Aim of the exercise:
Your job is to print, exactly, the lines in the data below from the line with "Home Use Small Corn Sheller photo-5" through the line with "Trailerable Jet Ski", both included, and to omit any picture.

Excerpted data:

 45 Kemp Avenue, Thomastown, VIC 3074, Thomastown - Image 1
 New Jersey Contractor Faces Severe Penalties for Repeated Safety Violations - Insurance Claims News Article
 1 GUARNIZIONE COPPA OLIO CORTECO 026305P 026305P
* * *
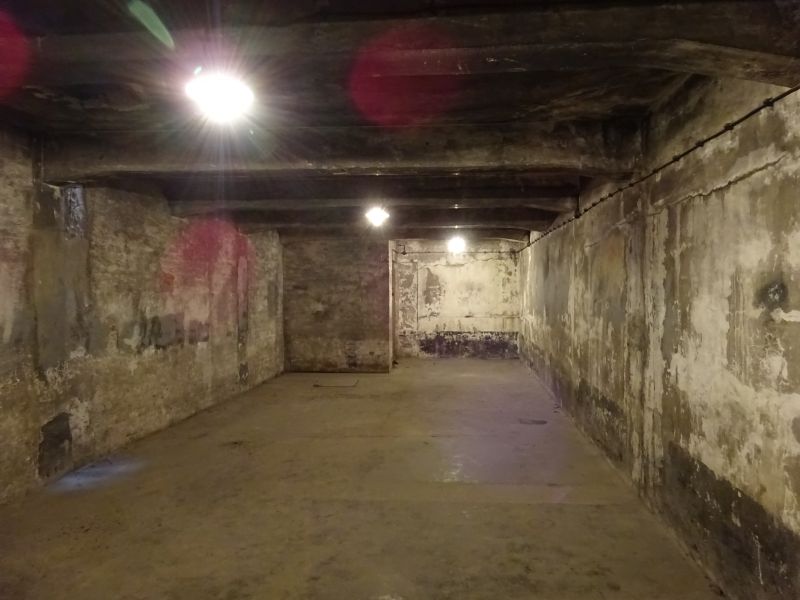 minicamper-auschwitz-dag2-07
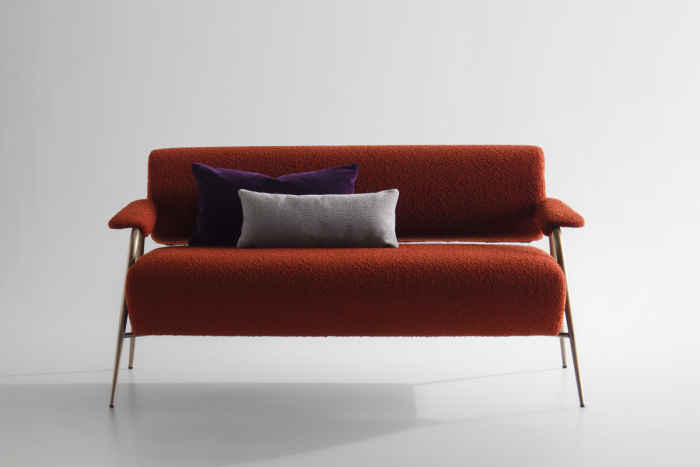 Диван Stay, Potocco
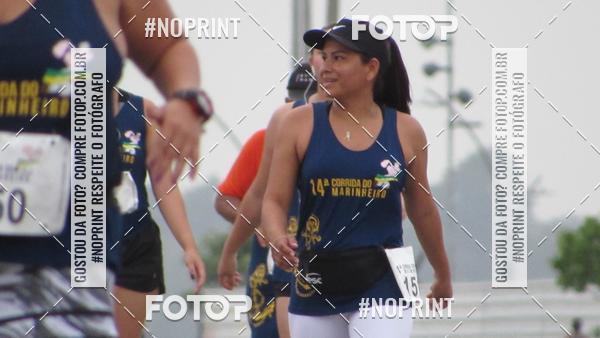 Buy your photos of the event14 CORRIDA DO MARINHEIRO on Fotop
* * *
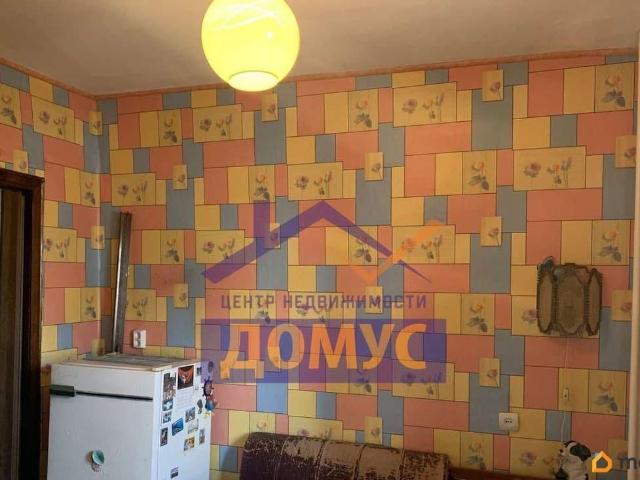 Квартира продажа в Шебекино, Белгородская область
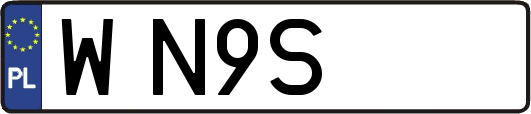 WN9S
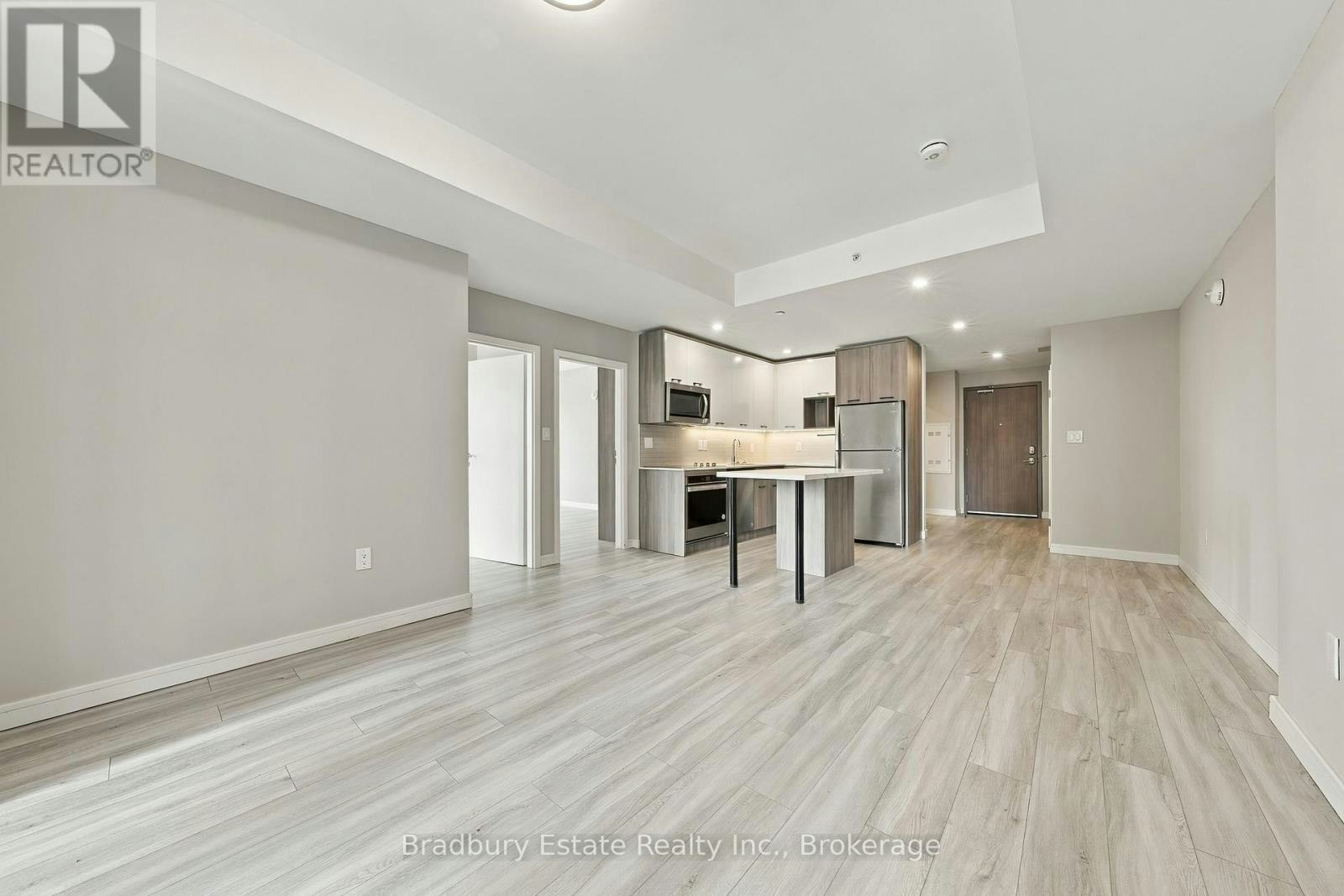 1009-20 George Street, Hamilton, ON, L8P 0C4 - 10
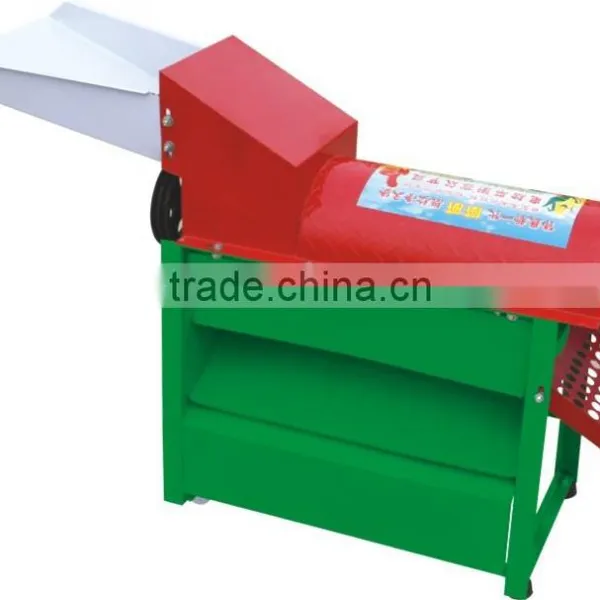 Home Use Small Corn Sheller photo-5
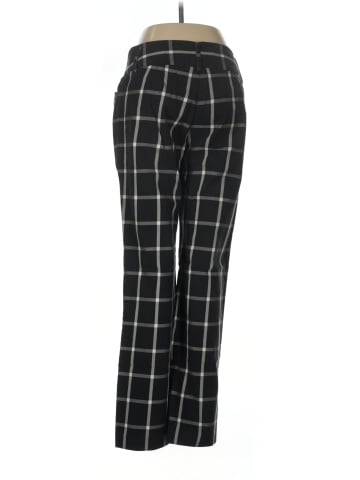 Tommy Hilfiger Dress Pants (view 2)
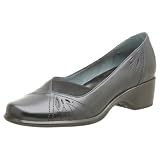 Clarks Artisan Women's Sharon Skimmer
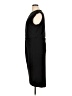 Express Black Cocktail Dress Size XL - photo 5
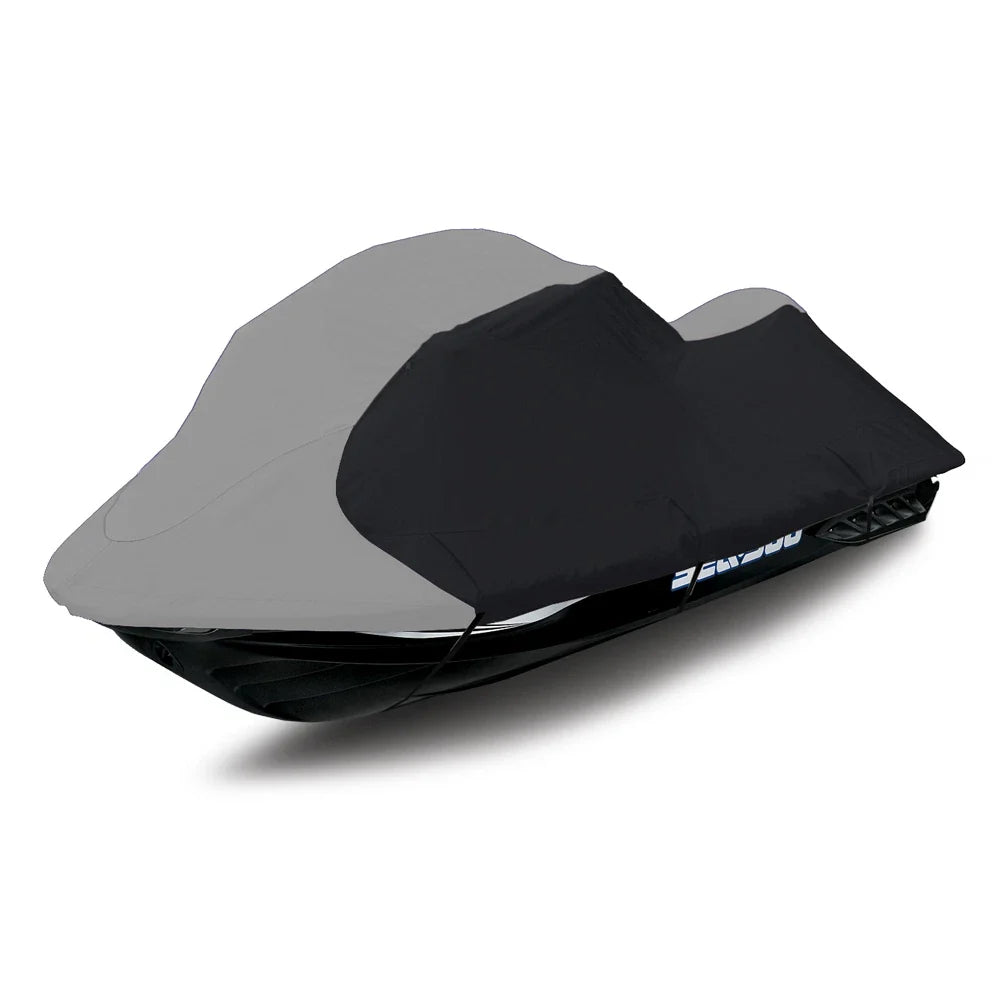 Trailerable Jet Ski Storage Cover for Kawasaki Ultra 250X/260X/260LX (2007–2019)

Solution to the problem:
 Home Use Small Corn Sheller photo-5
 Tommy Hilfiger Dress Pants (view 2)
 Clarks Artisan Women's Sharon Skimmer
 Express Black Cocktail Dress Size XL - photo 5
 Trailerable Jet Ski Storage Cover for Kawasaki Ultra 250X/260X/260LX (2007–2019)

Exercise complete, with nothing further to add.